As described above in detail, the droplet discharge device of the present invention can discharge minute droplets regardless of the size of the nozzle, and can be used in, for example, an inkjet recording head. Due to the short fixing time of ink,
A recording head capable of high-speed recording can be realized. Further, the ink jet printer of the present invention using such a droplet discharge device of the present invention is a printer capable of high-speed recording using minute droplets.

[Brief description of drawings]

FIG. 1 is a schematic view of an example of an inkjet recording head according to the present invention, in which (A) is a plan view and (B) is (b) of (A).
It is a -b line sectional view.

2 is a partially enlarged view of FIG. 1, (A) is a plan view,
(B) is a bb line sectional view of (A).

FIG. 3 is a flowchart showing a droplet discharge action of the inkjet recording head according to the present invention.

FIG. 4A to FIG. 4D are conceptual diagrams showing a droplet discharge action of the inkjet recording head according to the present invention.

5A to 5C are conceptual diagrams showing the operation of the inkjet recording head according to the present invention.

6A and 6B are conceptual views of an example of an inkjet printer of the present invention, in which FIG. 6A is a side view and FIG. 6B is a perspective view.

[Explanation of symbols]

10 (inkjet) recording head 12 Si substrate 14 Drive LSI 16 ink grooves 18 Ink supply hole 20 nozzles 22 Orifice plate 24 frames 30 heater 50 air passage 52 individual flow paths 54 common channel 80 (inkjet) printer 82 Recording section 84 Supply Department 86 Preheat part 88 Ejector 96,98 guide 92, 94, 126 Transport roller pairs 100,120 conveyor 102 Crimping roller 104 heater 106 exhaust fan 108 recording and conveying means 110 head unit 112 ink tank 114a, 114b rollers 116 suction roller 118 Perforated endless belt 122 nip roller 124 suction box 128 discharge roller pair

Claims (5)

[Claims] 1. A plurality of nozzles, a discharge means for discharging a droplet from the nozzle, a supply path for supplying a liquid to the nozzle, a pressure adjusting means in the supply path, and a gas introduction into the nozzle.
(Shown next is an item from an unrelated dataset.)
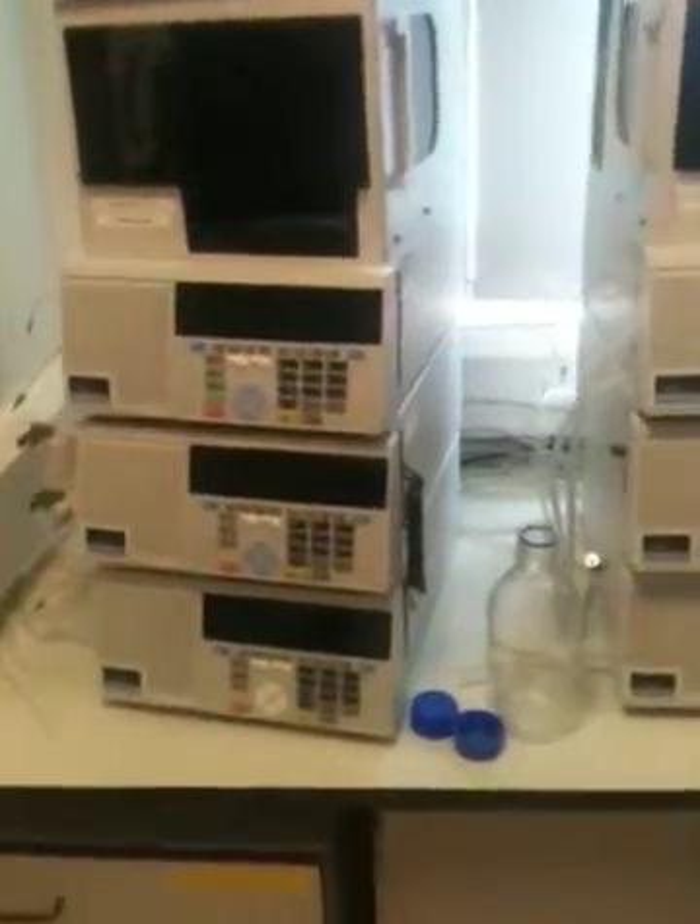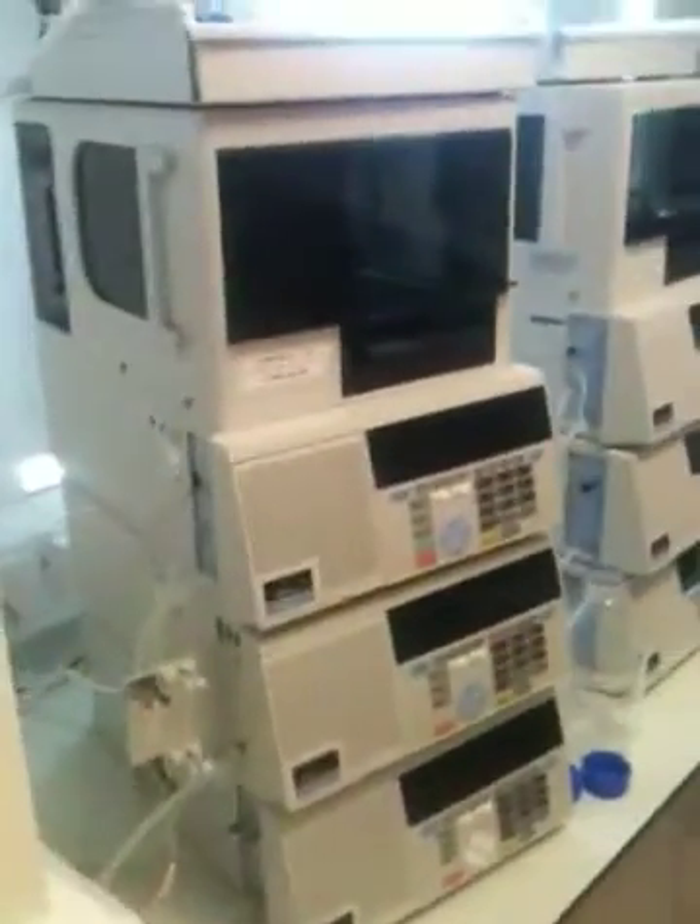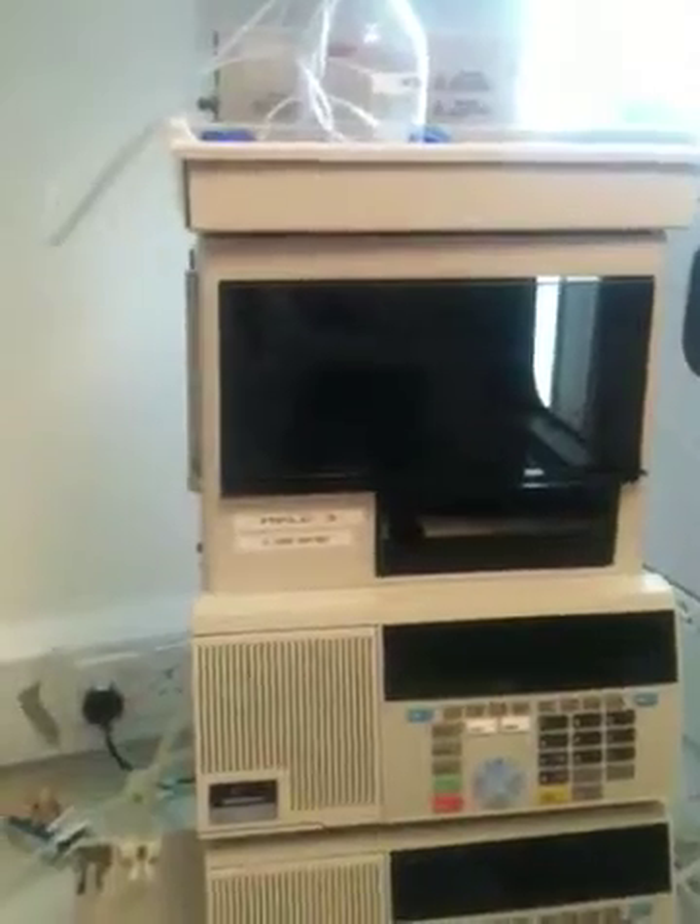This is the PerkinElmer HPLC Series 200 system, which we're looking at now. You can see that they're in situ — these come from the NHS. You can see here that we've got a 200 series auto sampler, a series 200 pump, and a series 200 UV-vis detector, coupled with the auto sampler sat on the top of it.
A droplet discharge device, comprising: 2. The liquid is supplied to a predetermined height of the nozzle by pressurizing the inside of the supply passage by the pressure adjusting means,
Next, by depressurizing the inside of the supply path by the pressure supply means, gas is introduced into the nozzle from the ventilation path, and the liquid in the nozzle is divided into the discharge port side and the supply path side by this gas, and this state 2. The liquid droplet ejection apparatus according to claim 1, wherein the liquid on the ejection port side in the nozzle is ejected as liquid droplets by driving the ejection means. 3. The liquid repellent process for the discharged liquid, wherein at least the end portion on the nozzle side of the inner surface of the air passage and the inner surface of the nozzle including at least a part of the opening of the air passage are annularly subjected to liquid repellent treatment with respect to the discharged liquid. The droplet discharge device according to item 1. 4. The droplet discharge device according to claim 1, further comprising a pump for introducing gas into the nozzle from the ventilation passage. 5. An inkjet printer using the droplet discharge device according to any one of claims 1 to 4 as an inkjet recording head.